Hello, I'm Mark Pearson. The nation's financial community got a dose of good news this week. Prodded by consumer spending, especially for big-ticket durable goods, the economy in the first quarter expanded by a robust 5.6 percent.
The news however did not push stock indices higher. Many on Wall Street complain that government terrorist alerts have discouraged investors. Few members of the financial community seem to be taking delivery on the fact that investors, stung by assorted scandals and dubious practices in myriad corporate boardrooms, may be factoring a "credibility discount" into the market.
In Rural America, quite the opposite may be in play now. The term "risk premium" is beginning to make its way into the market place. Its entry is paved by an age-old factor, weather.
It's early in the fire season, but a good portion of the intermountain west, already suffering from drought, is beginning to flame. Pasture and grazing conditions are stressed, and ranchers are culling herds in anticipation of a hard summer on the range.

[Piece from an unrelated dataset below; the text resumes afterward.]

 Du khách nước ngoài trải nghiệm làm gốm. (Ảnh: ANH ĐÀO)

The drought is also claiming yields in the winter wheat belt. Seeding of winter wheat varieties were already the lowest in 31 years. And as the 2002 wheat harvest begins Sixty-seven percent of the crop is rated as no better than fair. Thirty-six percent is rated in poor or very poor condition.

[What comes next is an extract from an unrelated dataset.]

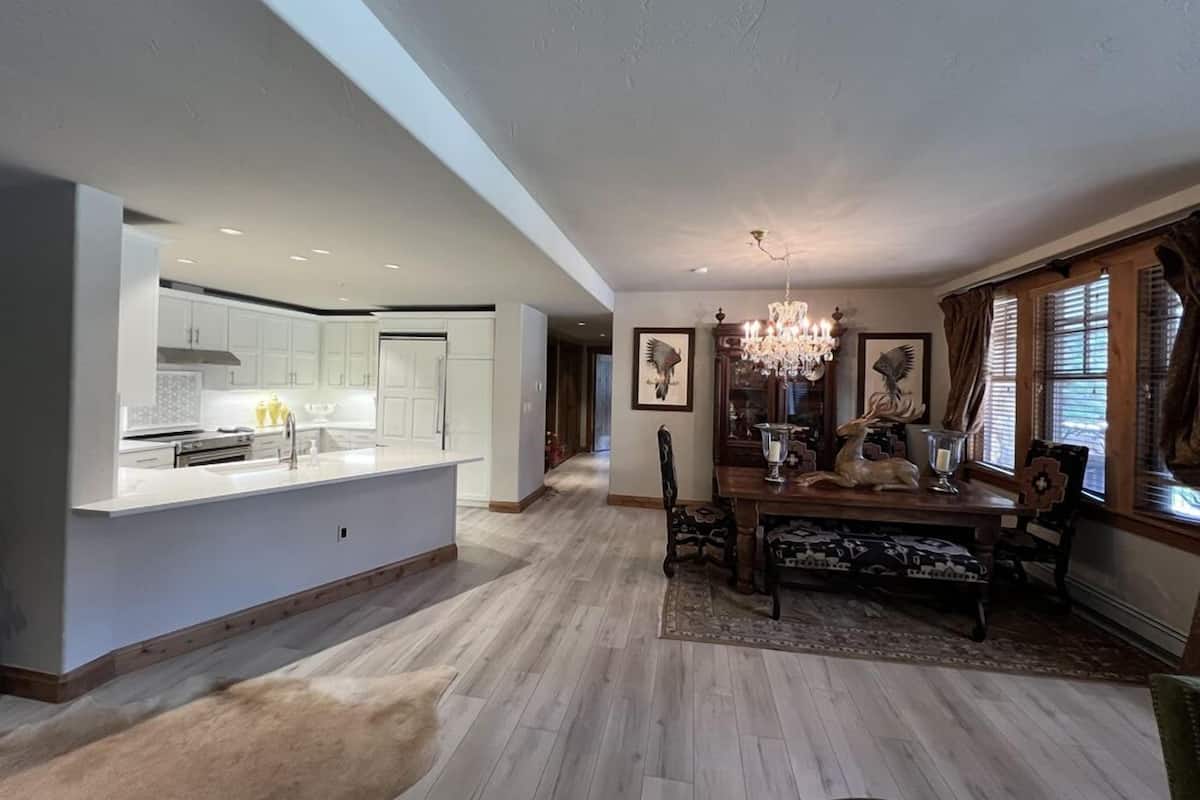 Una cocina amplia con armarios blancos y una isla central, un comedor con mesa y sillas de madera, y una araña.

Thus far grain markets have been unimpressed by the grim harvest prospects for wheat. Indifferent world demand and ample supplies continue to contain any upward price movement.
The markets have been more impressed by another weather pattern that threatens to inundate the eastern Corn Belt under.
While 70 percent of the nation's corn crop has been planted, compared to an average pace of 87 percent, corn producers in Illinois, Indiana and Ohio are far behind. Normally those states have the seed in the ground by now, but producers are beginning to wonder if it's not too late to plant a corn or soybean crop.
In cotton country, 69 percent of the crop has been planted compared to an average of 70 percent. But, it's expected producers, encouraged by higher government subsidies, may plant as much as an additional million more acres of the fiber this year. While the additional fiber output won't help the weak market for it, the acres devoted to cotton might well buttress soybean prices.